A word-for-word copy of the lines below, starting at the line with "2014 Ford Explorer Base" and ending at the last one, is what you should give. Omit every picture.
[Opening EXTRACTED INFORMATION section]
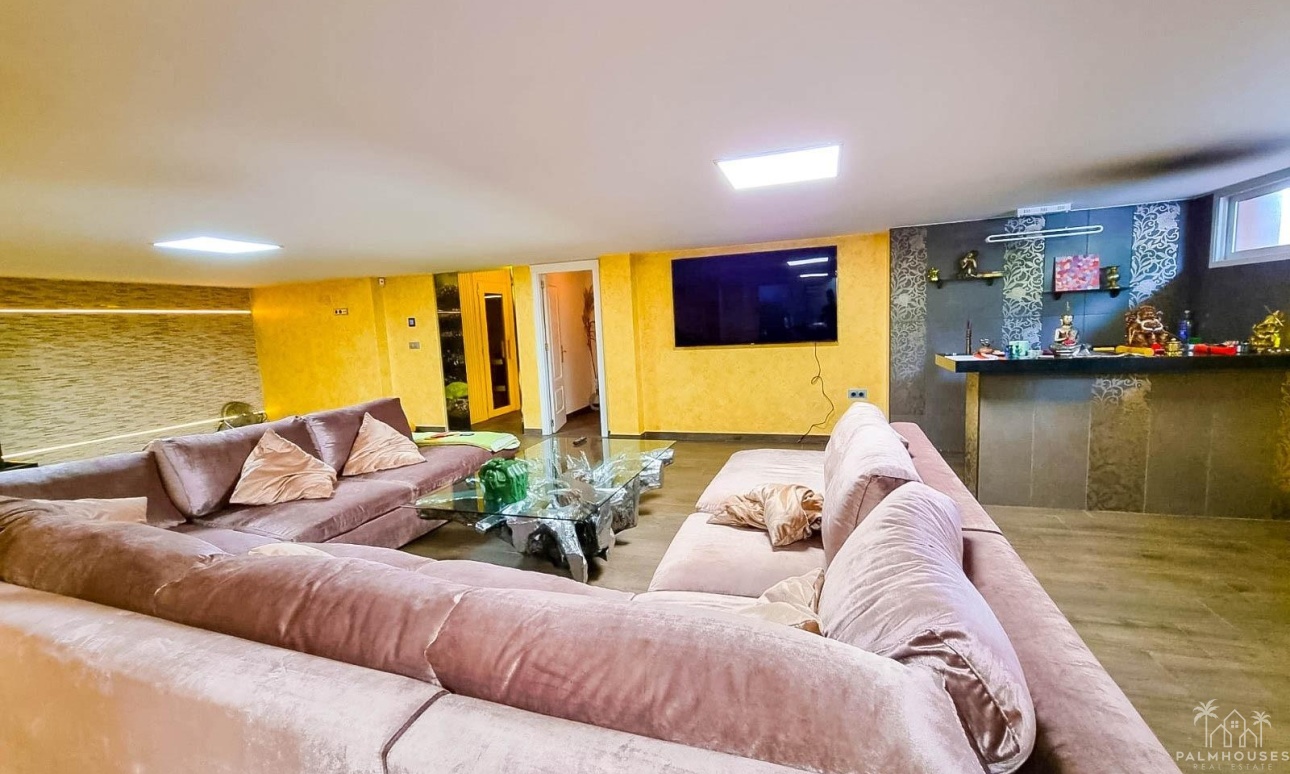 Revente - Villa - Torrevieja - Torre La Mata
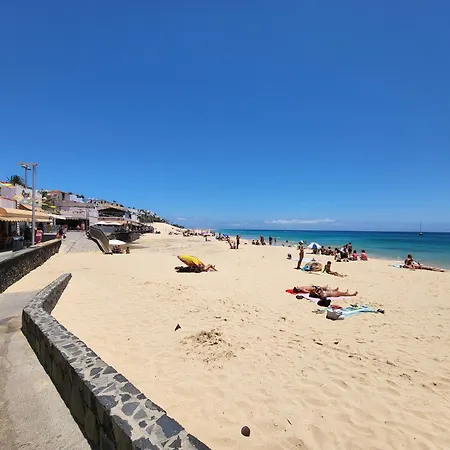 Brisas De Morrojable 公寓 莫罗德哈布雷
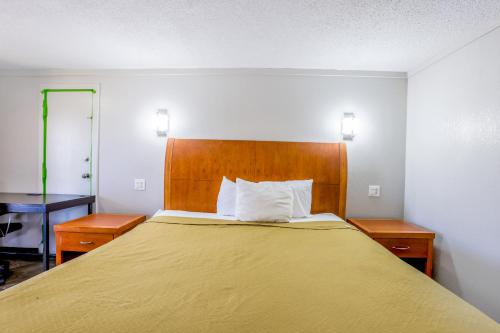 Cozy Garden Inn By OYO Hwy 40 Richmond - image 10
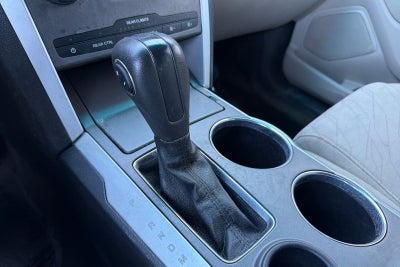 2014 Ford Explorer Base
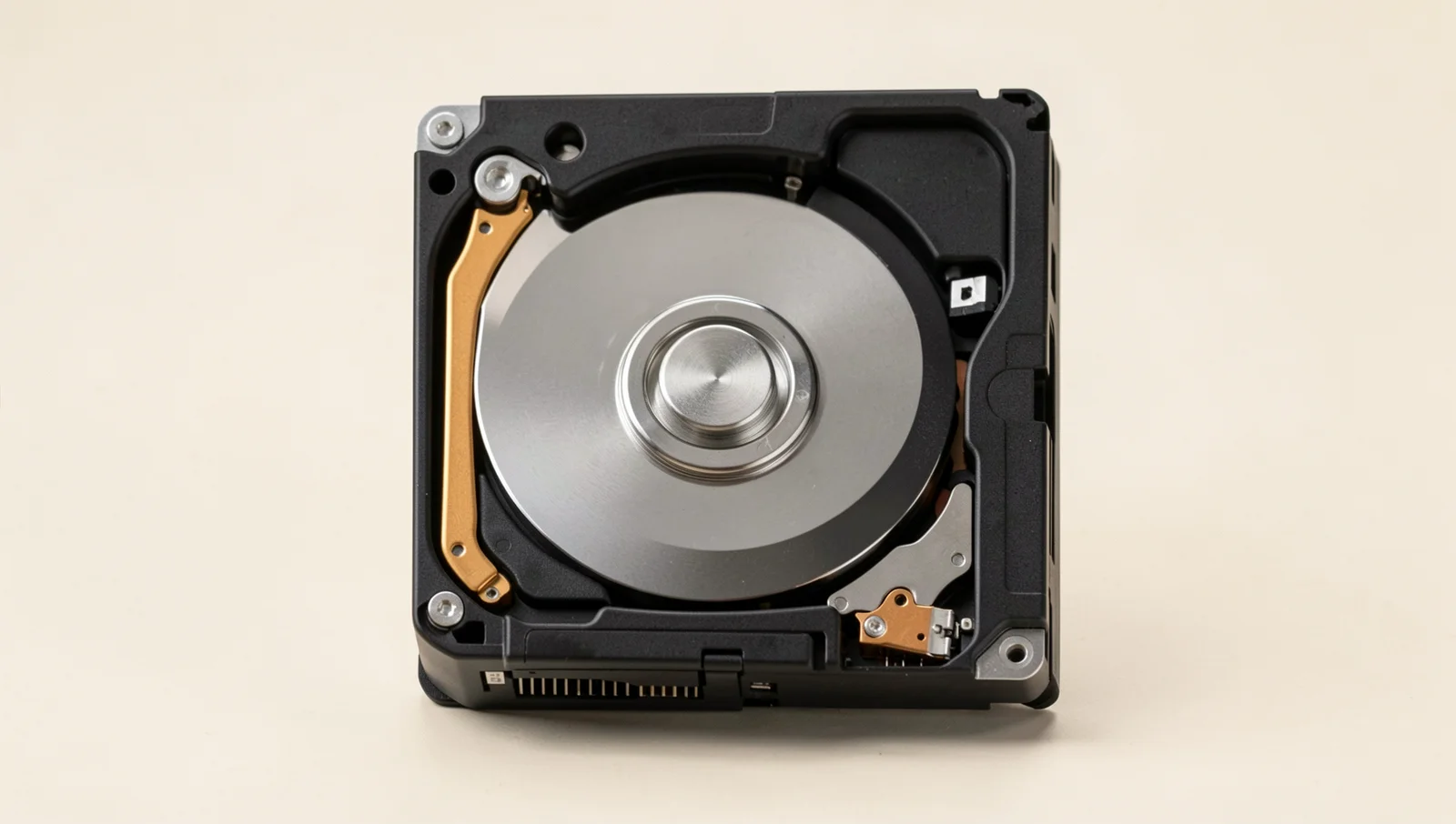 What Happens When Your SSD Fills Up?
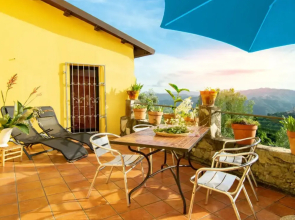 Villa Garibaldino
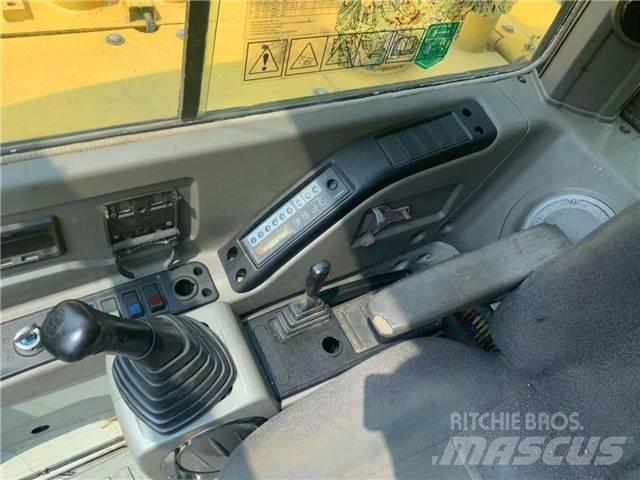Hyundai R80-7 Bandgrävare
[Closing EXTRACTED INFORMATION section]
ANSWER BOX:
 2014 Ford Explorer Base
 What Happens When Your SSD Fills Up?
 Villa Garibaldino
Hyundai R80-7 Bandgrävare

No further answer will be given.